I also currently do not convert to .dng upon import so I'm working with the .NEF files when editing.


----------



## john.margetts (Aug 15, 2016)

I would have thought Lightroom would save as either PSD or JPEGs. There must be an option in Lightroom preferences to set the format.


----------



## crimbfighter (Aug 15, 2016)

john.margetts said:


> I would have thought Lightroom would save as either PSD or JPEGs. There must be an option in Lightroom preferences to set the format.

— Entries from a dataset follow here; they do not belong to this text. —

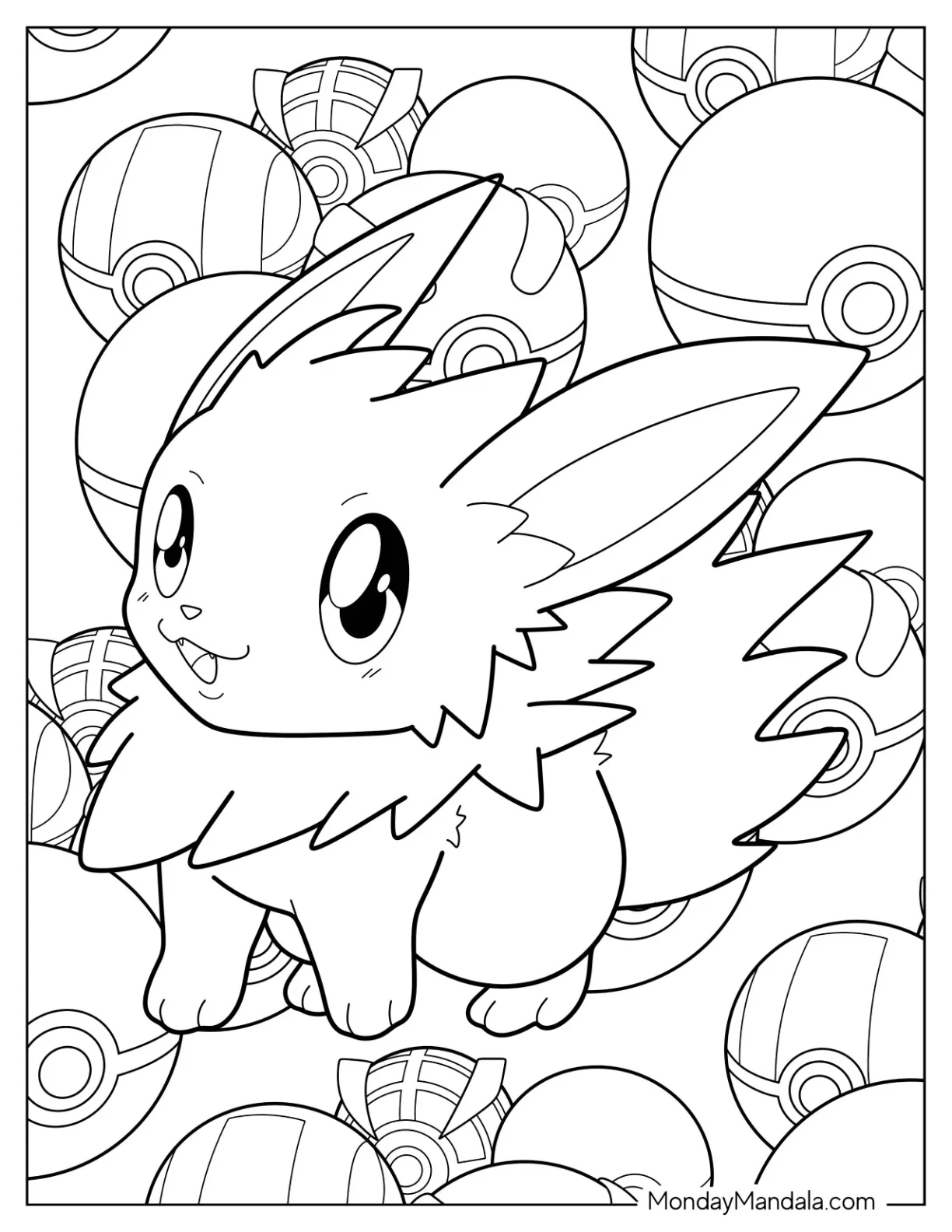 Cute Jolteon Coloring Page With Pokeballs In Background For Kids coloring page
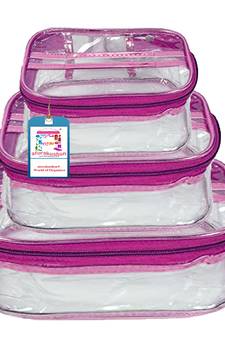 atorakushon   Fabric Multipurpose Make Up Pouches Jewellery Necklace Cosmetic Organizer for Wardrobe Set Of 3 Purple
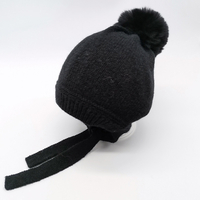 Baby / Toddler Trendy Solid Knitted Pompon Tie-up Hat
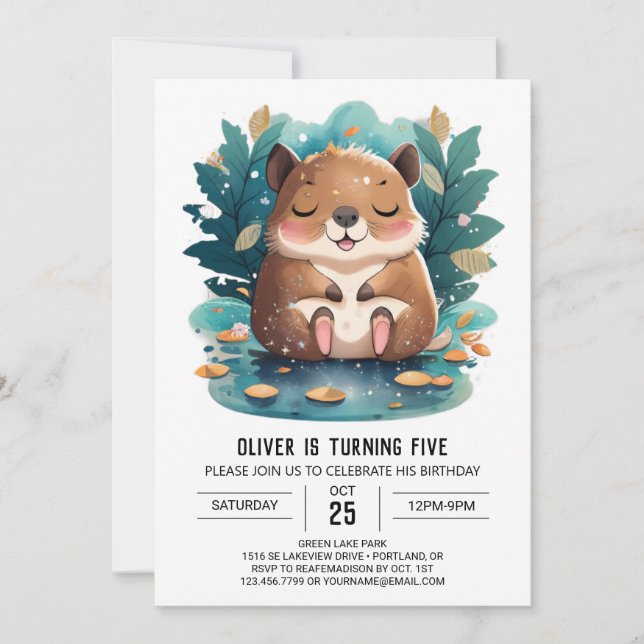 Enchanting Watercolor Capybara Birthday Invitation (Front)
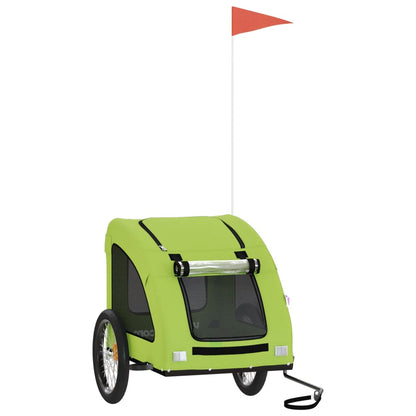 Hondenfietstrailer oxford stof en ijzer groen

I'm sure there is, but I haven't looked very hard yet. In general, I'm just wondering what the best method or file type would be to not have massive files, but also not lose a lot of usable data.


----------



## DScience (Aug 15, 2016)

In my opinion it wouldn't be worth editing in anything but tiff, otherwise you would just loose too much data. I'm surprised your files are that big, but still, I would think of a workflow so that after you are finished editing, you export the final tiff or whatever to a large data drive and then erase them from your LR library.


----------



## zombiesniper (Aug 15, 2016)

I just use the tiff format if I have to go to PS.

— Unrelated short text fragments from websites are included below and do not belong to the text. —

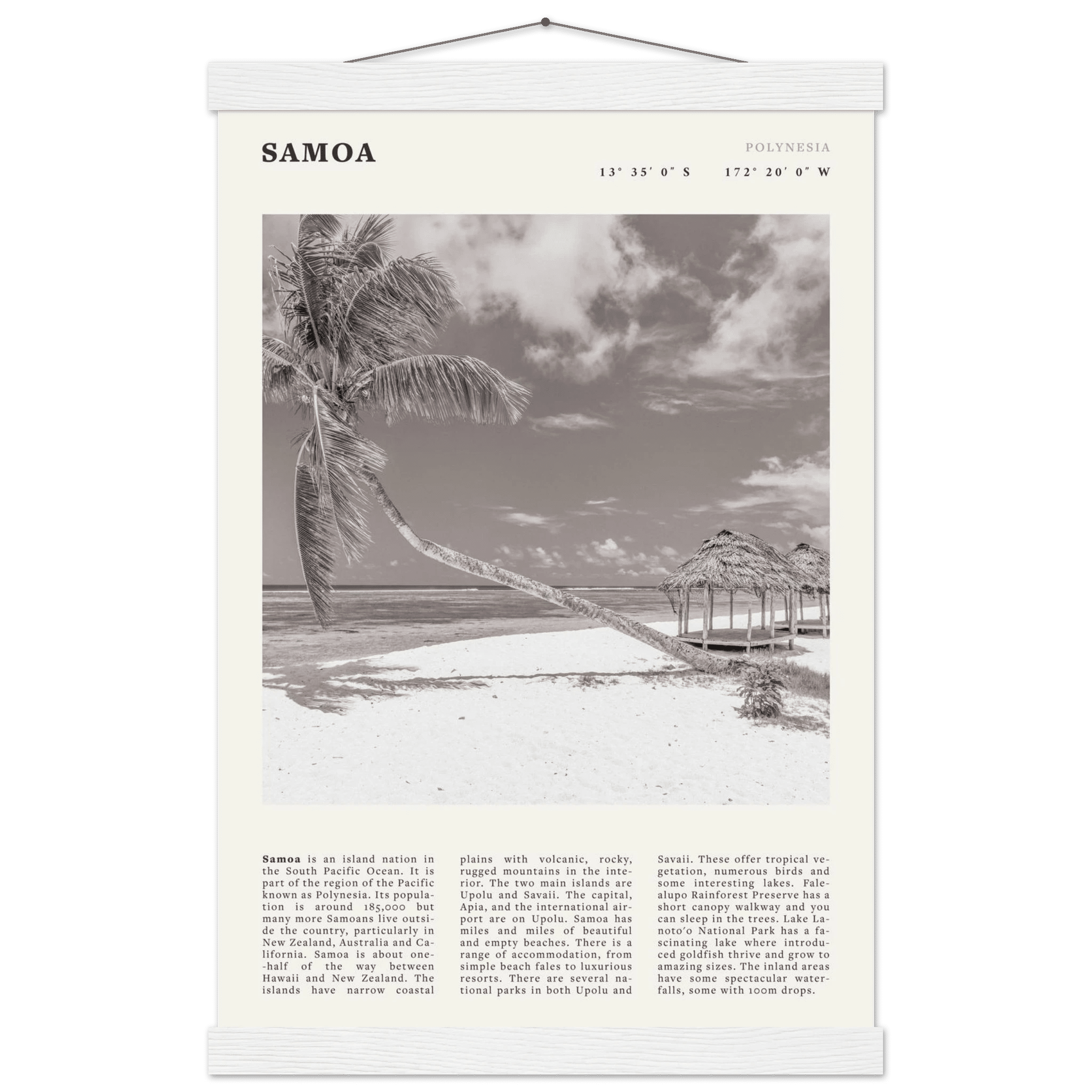 Samoa Poster | Black & White South Pacific Beach Wall Art | Polynesia Travel Print - Evergreen Posters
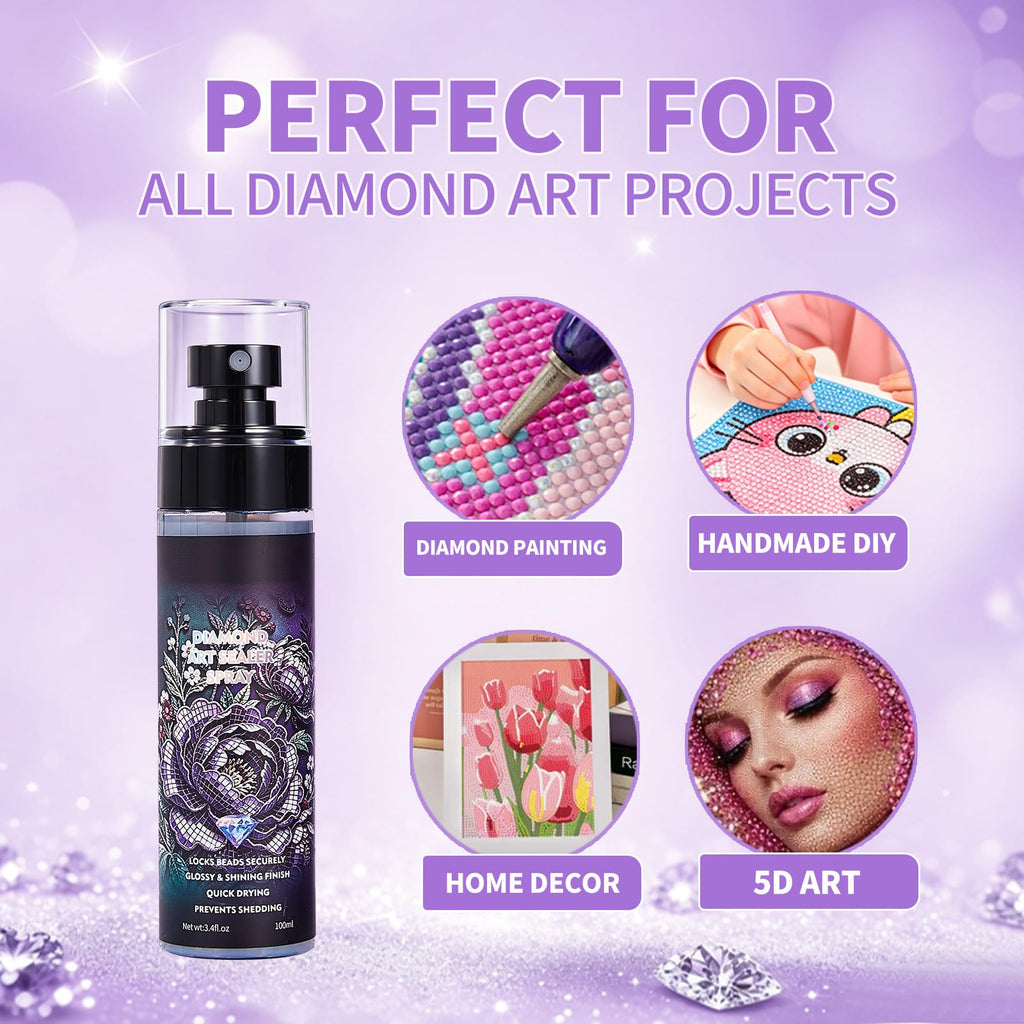 Diamond Art Sealer Spray, Painting Sealer Spray, Quick Drying Spray evenly | For Diamond Art, Secure Diamond Fixing and High Gloss Finish 100ml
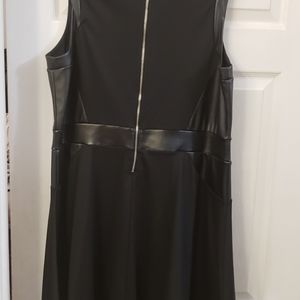 Faux Leather and Ponte Knit Dress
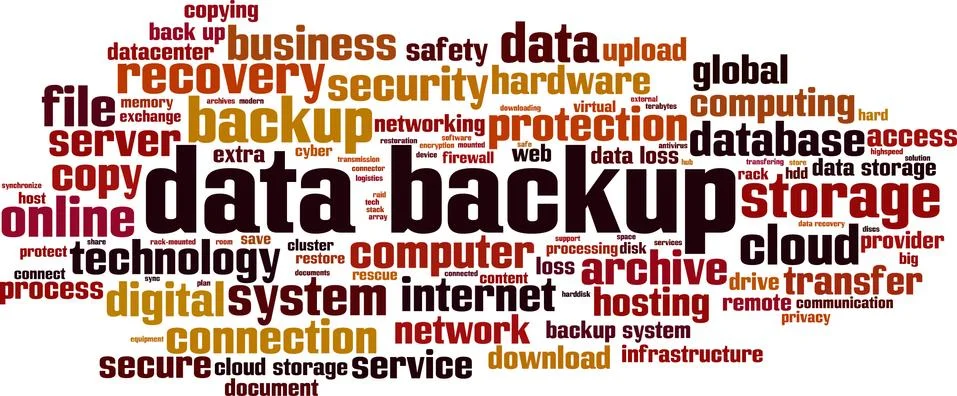 Data backup word cloud Stock Illustration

I store all my files initially on the computer for editing but then I transfer to a 5Tb external.


----------



## crimbfighter (Aug 15, 2016)

DScience said:


> In my opinion it wouldn't be worth editing in anything but tiff, otherwise you would just loose too much data. I'm surprised your files are that big, but still, I would think of a workflow so that after you are finished editing, you export the final tiff or whatever to a large data drive and then erase them from your LR library.

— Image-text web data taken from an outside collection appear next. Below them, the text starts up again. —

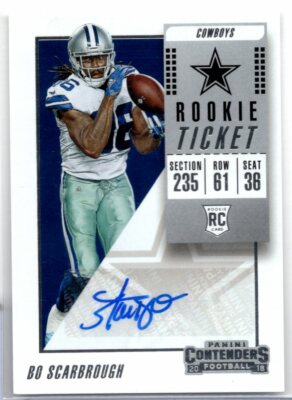 Bo Scarbrough Cowboys RC Auto 2018 Panini Contenders 193 042721ATCD51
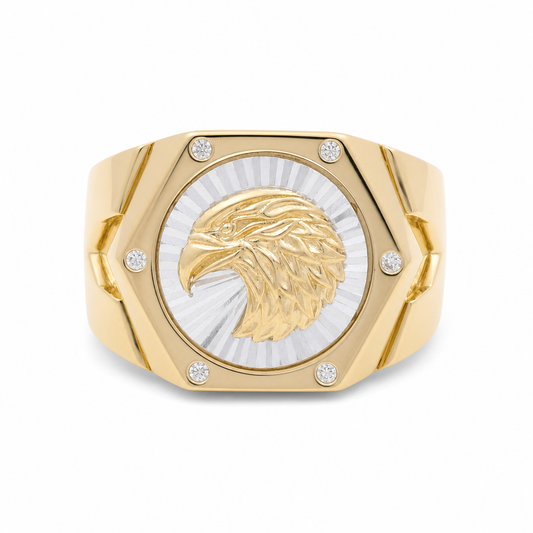 14K Yellow and White Gold Eagle Men's Ring / Stone: CZ / Size: 10 / Weight:10.5 GR / 711-00089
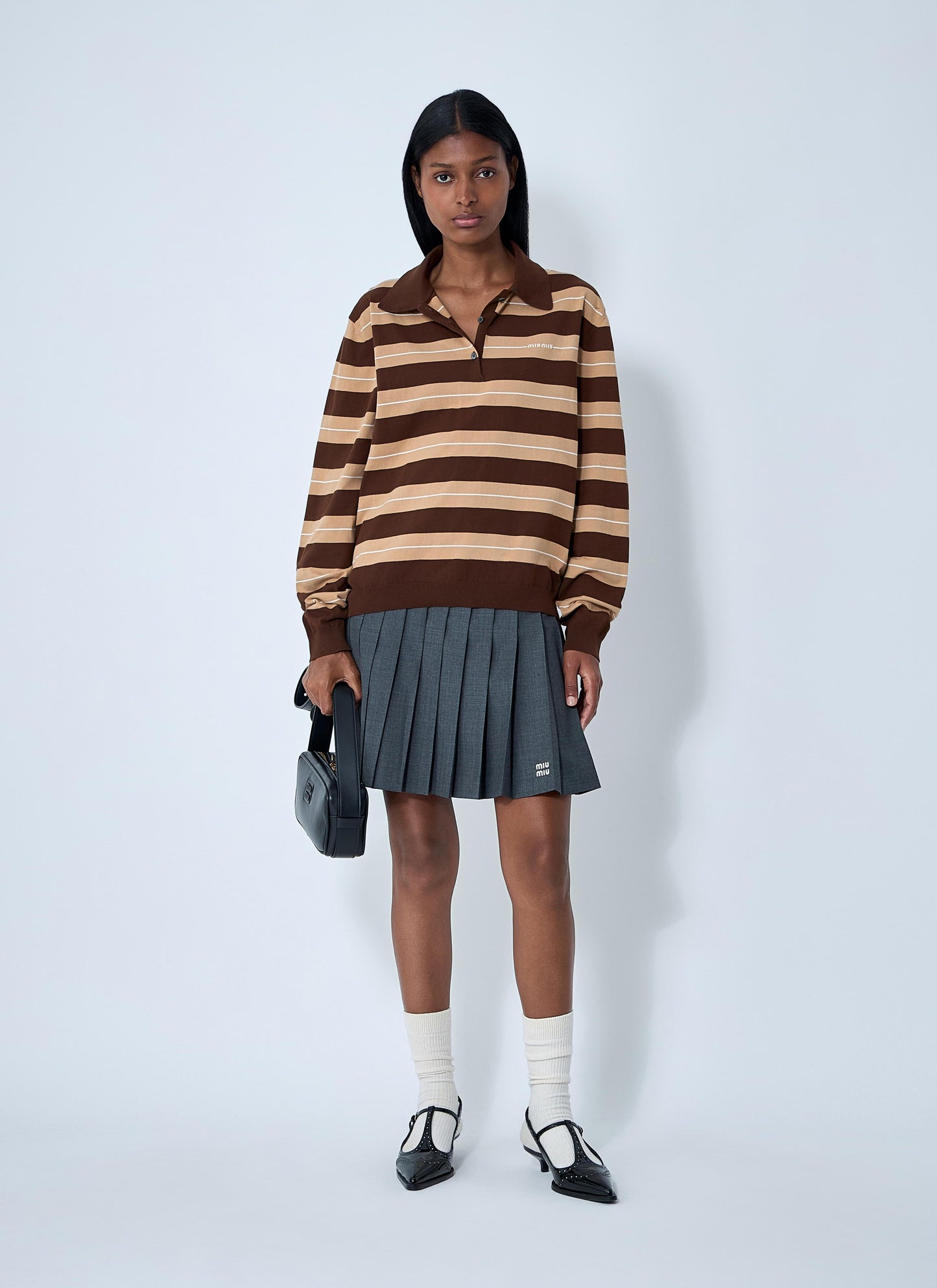 Miu Miu Women Cotton Striped Polo Shirt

I do currently have my workflow set up so I do all my initial edits on my primary drive which is an SSD, then move the files onto a large capacity HDD for storage, but still, it would be nice if there was  way to reduce my storage needs a little because over time, it just keeps filling up. I'm not in danger of running out of room right now, and I can always buy a bigger drive, but it would be nice to reduce image sizes a bit. And bottom line is I don't know enough about the differences in file types (tiff, PSD, etc.) to know if you are really losing usable data when going to say PSD instead of tiff. File size isn't always as important as how the data is stored and managed, so basically bigger isn't always better. However, I don't know that for sure in this case.



zombiesniper said:


> I just use the tiff format if I have to go to PS.
> 
> I store all my files initially on the computer for editing but then I transfer to a 5Tb external.



I actually have my images also duplicated onto an external drive as well as the internal HDD I move them to after editing.


----------



## Braineack (Aug 15, 2016)

A 2TB drive is less than $100.


----------



## john.margetts (Aug 15, 2016)

With PSD, you lose no data at all. I don't know how it compares with TIFF format but PSD saves your adjustment layers and such.


----------



## crimbfighter (Aug 15, 2016)

Braineack said:


> A 2TB drive is less than $100.



I actually already run a 3TB HDD as my internal storage drive, but will eventually be upgrading that to two 5TB drives running in RAID 0.



john.margetts said:


> With PSD, you lose no data at all. I don't know how it compares with TIFF format but PSD saves your adjustment layers and such.



This is the kind of thing I need to research more, I think. PSD files I think were smaller, and if they don't lose data, I may try that route and see.


----------



## KmH (Aug 16, 2016)

To set the file type and other things use the Preferences dialog box (Edit > Preferences > External Editing).
+1 for using PSD instead of TIFF.
TIFF and PSD are the only 2 choices.

You might wonder what else you're unaware of by not being familiar with the menus.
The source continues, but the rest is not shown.